## Exercise instructions:
All the lines below need retyping exactly, apart from the images.

## Data section:
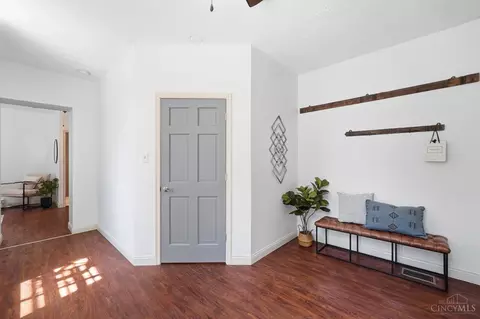 Entry Way - 1810 Walker St, Cincinnati, OH 45202 photo 4 of 13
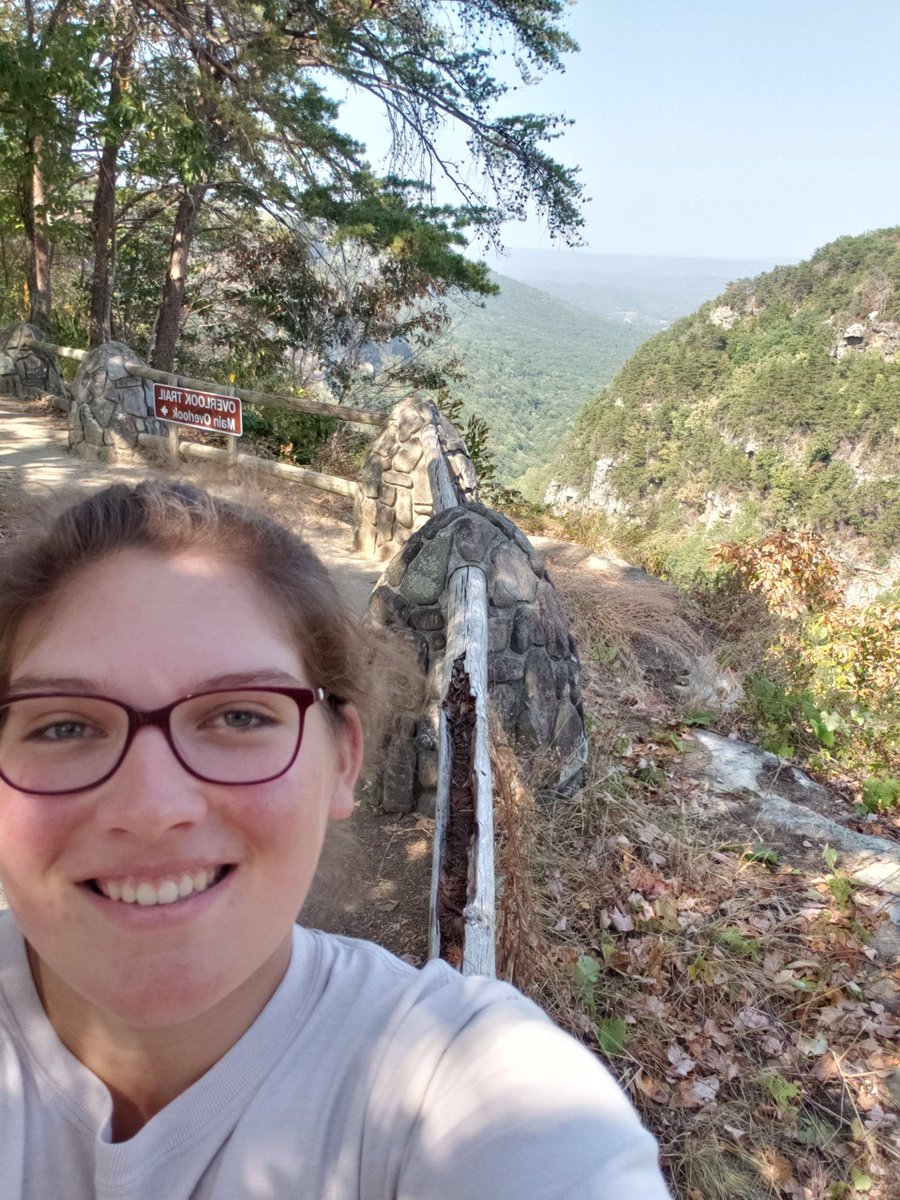 utc_abands86's tweet photo. Happy Meet the Member Monday to Brooke Jeter! Brooke will he serving as Woodwind Caption for the 2020 Marching Mocs, and is also and Education Major at UTC. See you soon, Brooke! #woodwinds #gomocs💙💛 https://t.co/w7NafYO0gw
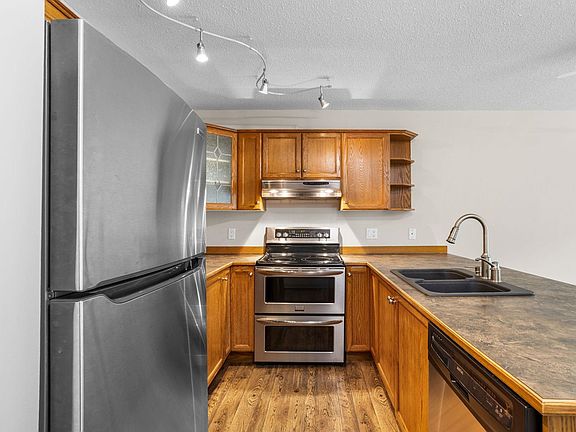 4th image of 378 Esplanade Ave #123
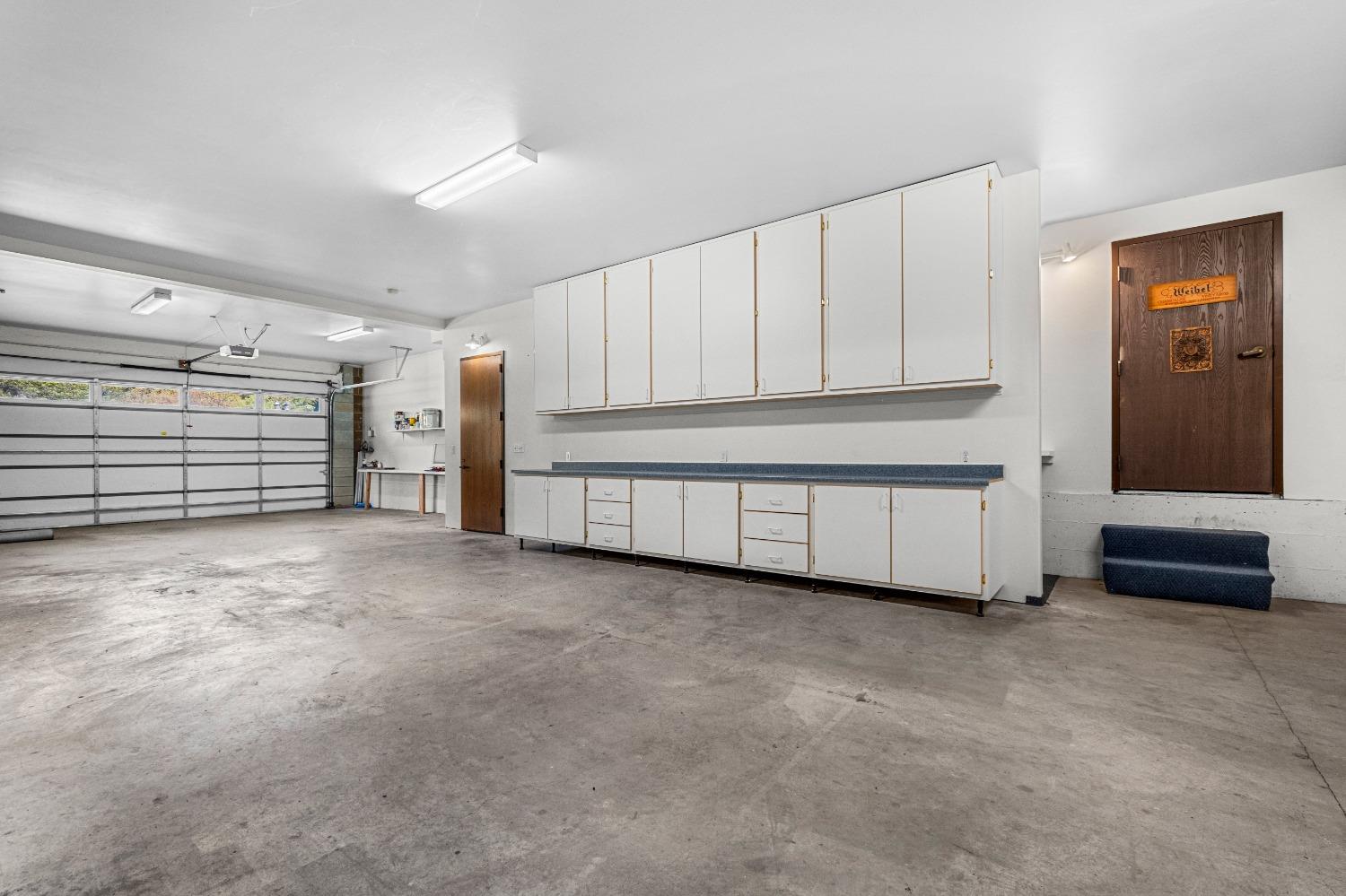4271 Marshall Road Georgetown, CA 95634 - Photo 57 of 70 a view of a livingroom with furniture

## Response box:
 Entry Way - 1810 Walker St, Cincinnati, OH 45202 photo 4 of 13
 utc_abands86's tweet photo. Happy Meet the Member Monday to Brooke Jeter! Brooke will he serving as Woodwind Caption for the 2020 Marching Mocs, and is also and Education Major at UTC. See you soon, Brooke! #woodwinds #gomocs💙💛 https://t.co/w7NafYO0gw
 4th image of 378 Esplanade Ave #123
4271 Marshall Road Georgetown, CA 95634 - Photo 57 of 70 a view of a livingroom with furniture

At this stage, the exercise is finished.